» Work to be completed
Copy the listing that follows exactly. Its pictures do not belong in the copy.

» Data provided

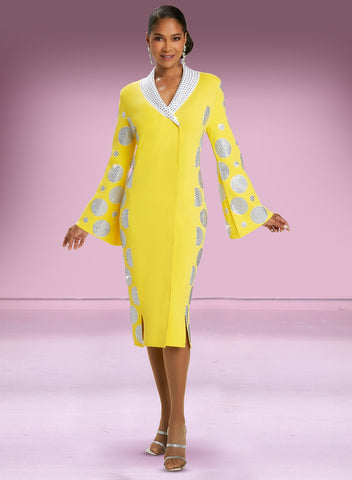 Donna Vinci Knit 13365  yellow knit dress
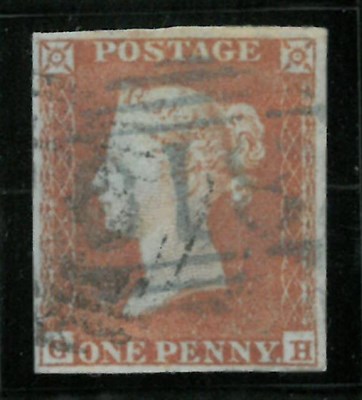 Lot 863A - Great Britain. 1841 1d Red-brown G-H. Four margins, used with the blue town obliterator 810 of...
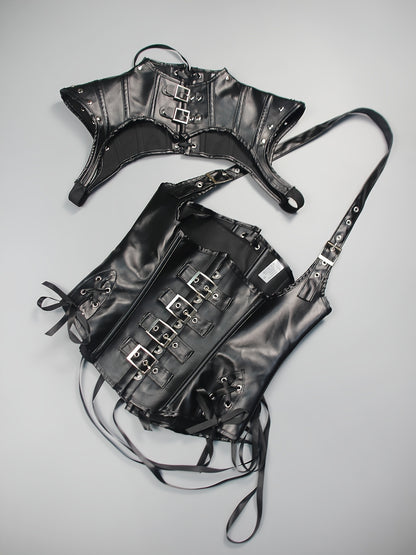 عباءة قوطية داكنة مع كورسيه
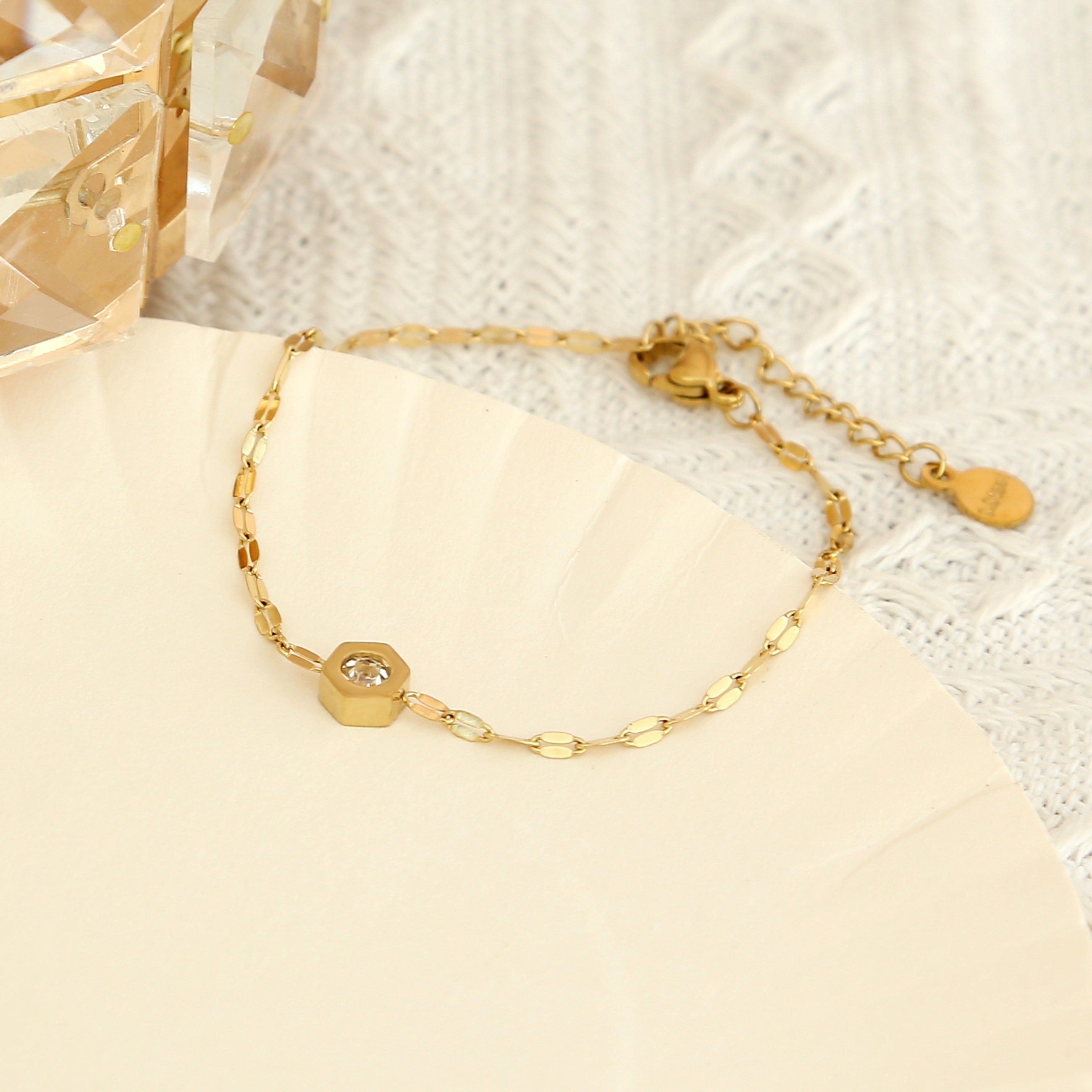 Glima Gemstone Bracelet – Dainty Gold Stainless Steel Minimalist Jewelry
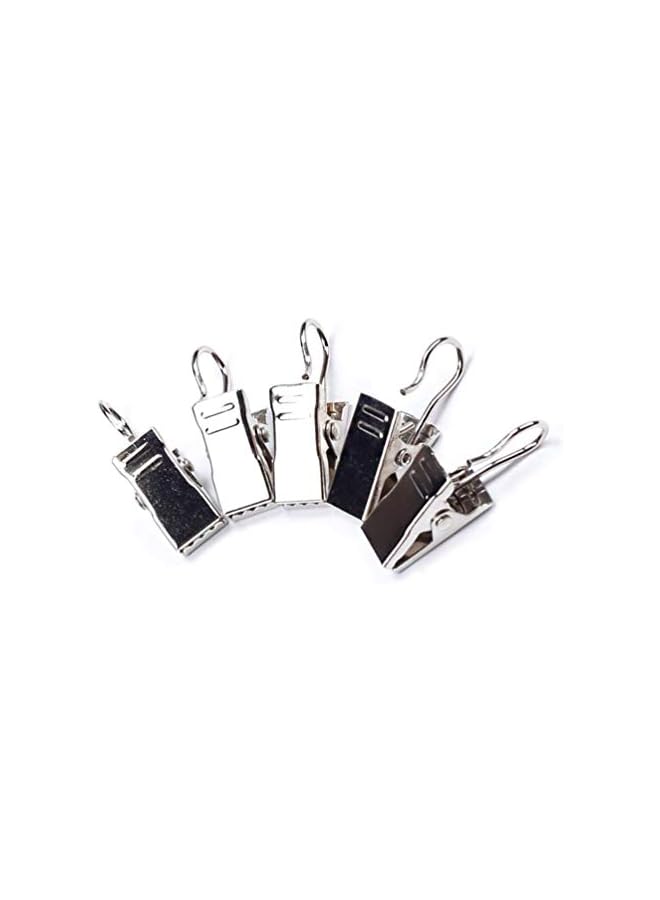 The Bros LED Night Light 30 Pcs Curtain Clips Hook Heavy-Duty Curtain Clips Metal Photo Clips Socks Underwear Clamps (Silver)  - Image 3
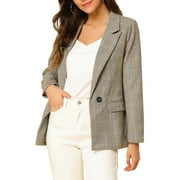 DARING DIVA Womens Boyfriend Notched Lapel One Button Blazer Suit Plaid Blazer Jacket S Light Coffee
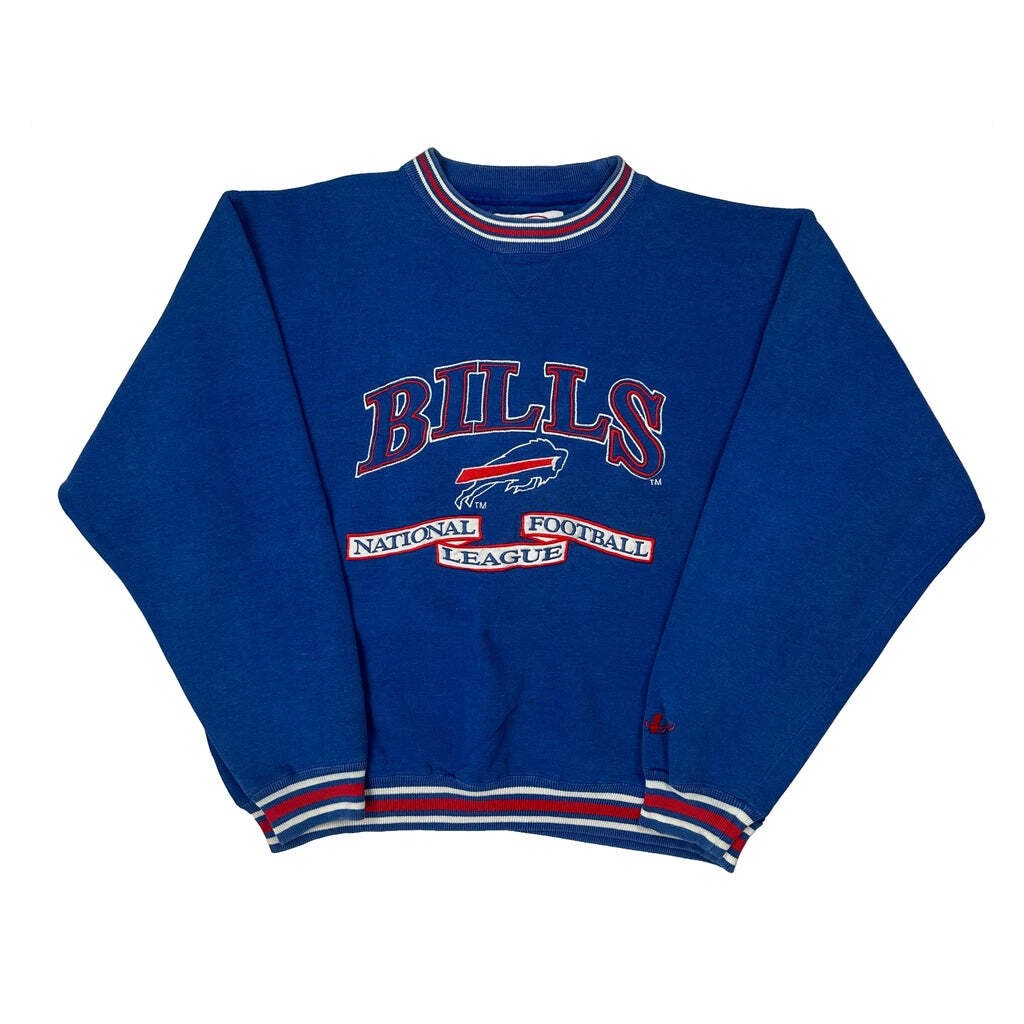 Buffalo Bills Logo Athletics Football Sweatshirt - Large Blue Cotton Blend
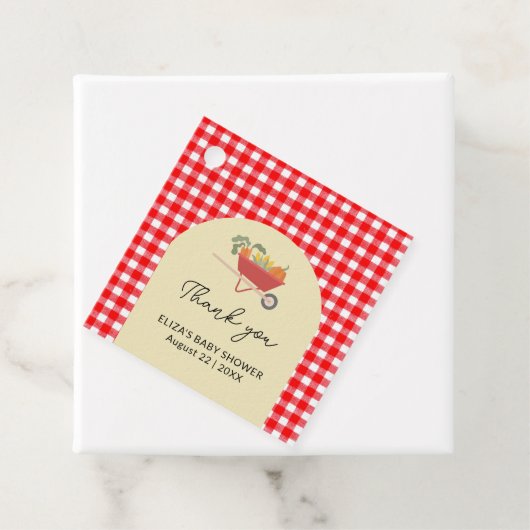 Rustiek lokaal geteeld Red Gingham Baby shower Bedankjes Labels (In situ)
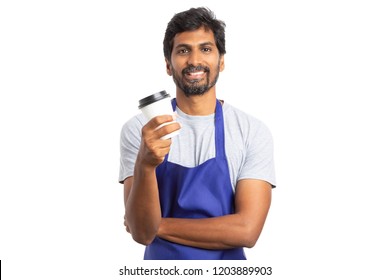 Smiling Hypermarket Or Grocery Store Employee Enojoying Pause With Coffee To Go Mug Isolated On White Studio Background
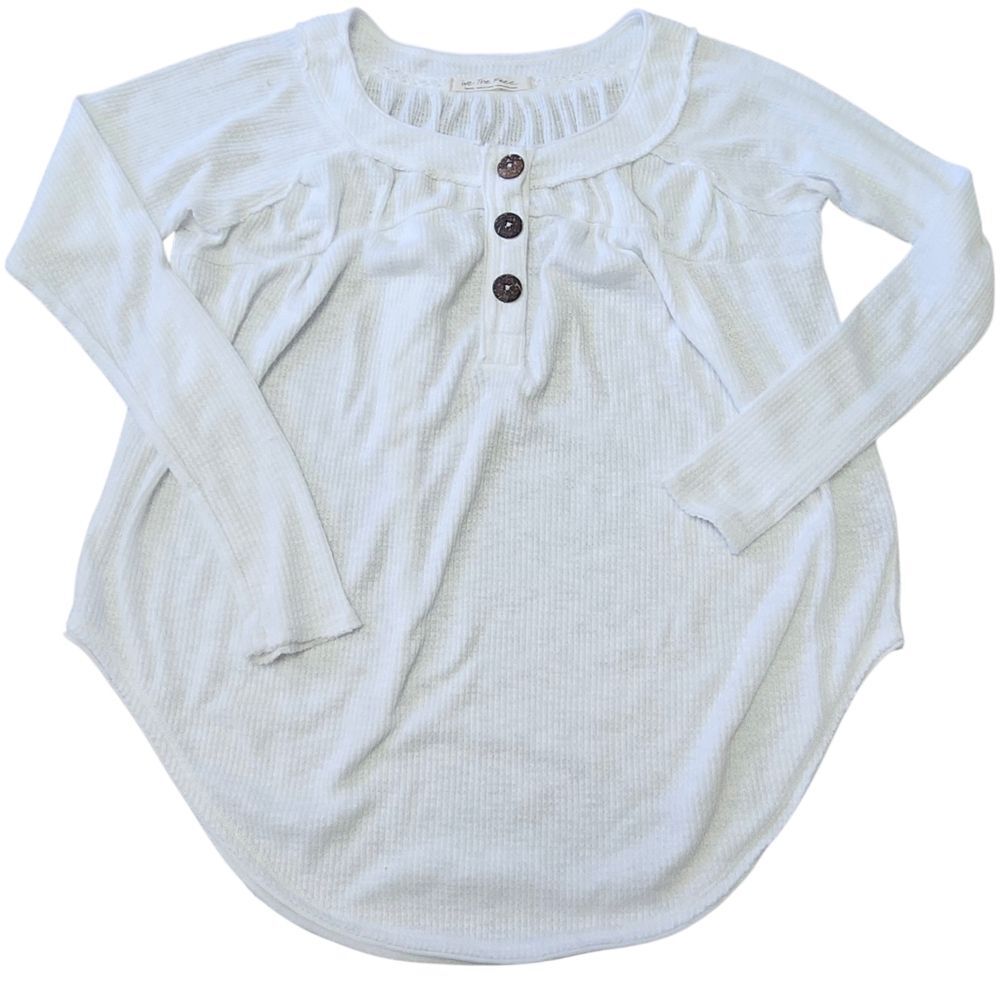 We the Free People White Must Have Thermal Henley Button Front FreeTop Sz. S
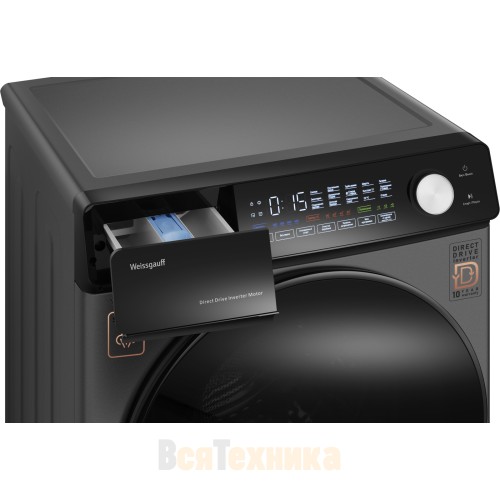 Стиральная машина с прямым приводом, инвертором и паром Weissgauff WM 45126 Steam Direct Drive Deep Grey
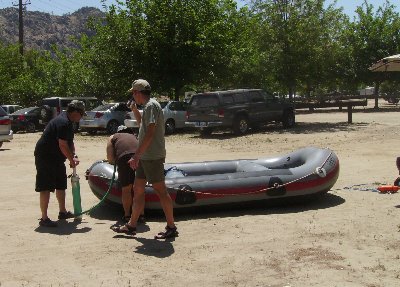 Inflating the pirate boat.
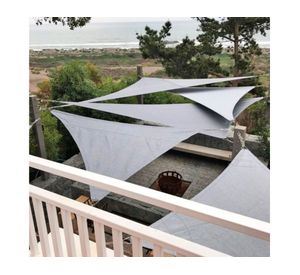 Malla sombra triangular gris 3x3 m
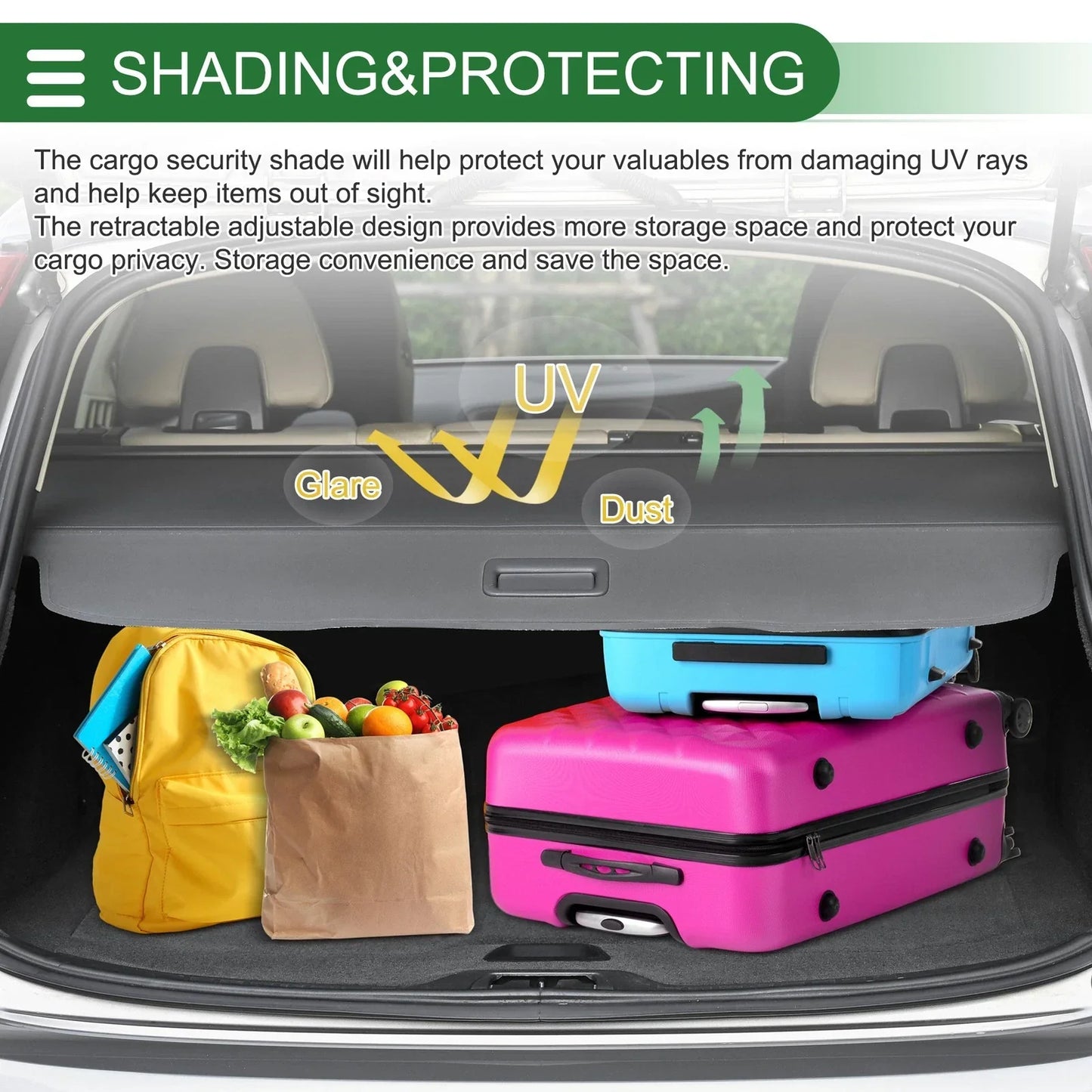 Retractable Cargo Cover for Mercedes-Benz R-Class S251 (2007-2019) Black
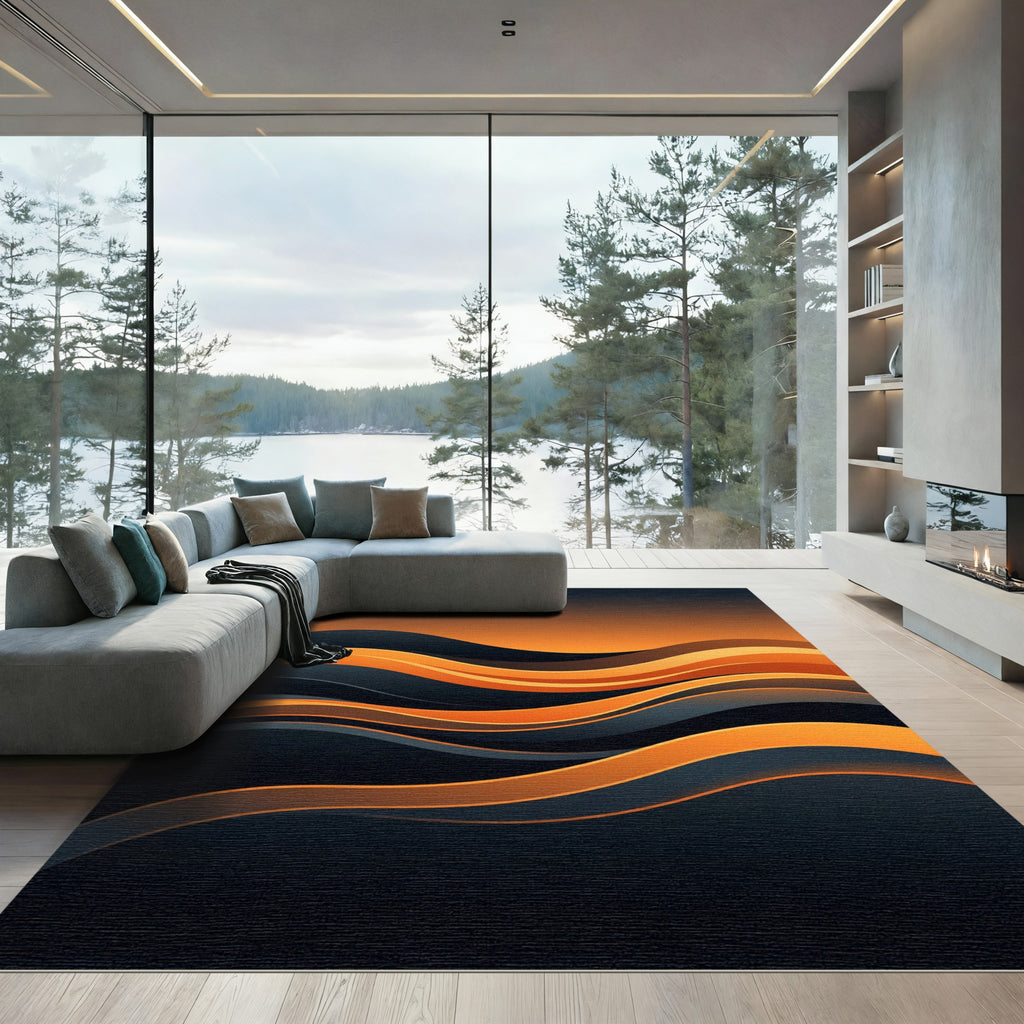 Modern Abstract Amber Black Wave Rug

» Output for this task
 Donna Vinci Knit 13365  yellow knit dress
 Lot 863A - Great Britain. 1841 1d Red-brown G-H. Four margins, used with the blue town obliterator 810 of...
 عباءة قوطية داكنة مع كورسيه
 Glima Gemstone Bracelet – Dainty Gold Stainless Steel Minimalist Jewelry
 The Bros LED Night Light 30 Pcs Curtain Clips Hook Heavy-Duty Curtain Clips Metal Photo Clips Socks Underwear Clamps (Silver)  - Image 3
 DARING DIVA Womens Boyfriend Notched Lapel One Button Blazer Suit Plaid Blazer Jacket S Light Coffee
 Buffalo Bills Logo Athletics Football Sweatshirt - Large Blue Cotton Blend
 Rustiek lokaal geteeld Red Gingham Baby shower Bedankjes Labels (In situ)
 Smiling Hypermarket Or Grocery Store Employee Enojoying Pause With Coffee To Go Mug Isolated On White Studio Background
 We the Free People White Must Have Thermal Henley Button Front FreeTop Sz. S
 Стиральная машина с прямым приводом, инвертором и паром Weissgauff WM 45126 Steam Direct Drive Deep Grey
 Inflating the pirate boat.
 Malla sombra triangular gris 3x3 m
 Retractable Cargo Cover for Mercedes-Benz R-Class S251 (2007-2019) Black
 Modern Abstract Amber Black Wave Rug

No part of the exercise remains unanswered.